▸ **DATA PROVIDED**:
────────

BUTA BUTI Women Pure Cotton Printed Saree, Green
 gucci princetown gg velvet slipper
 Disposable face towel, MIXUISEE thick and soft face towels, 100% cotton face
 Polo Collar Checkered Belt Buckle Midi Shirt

────────

▸ **WHAT YOU NEED TO DO**: The data should be copied out in full, exactly as it reads.

▸ **ANSWER FOR THE TASK**:
BUTA BUTI Women Pure Cotton Printed Saree, Green
 gucci princetown gg velvet slipper
 Disposable face towel, MIXUISEE thick and soft face towels, 100% cotton face
 Polo Collar Checkered Belt Buckle Midi Shirt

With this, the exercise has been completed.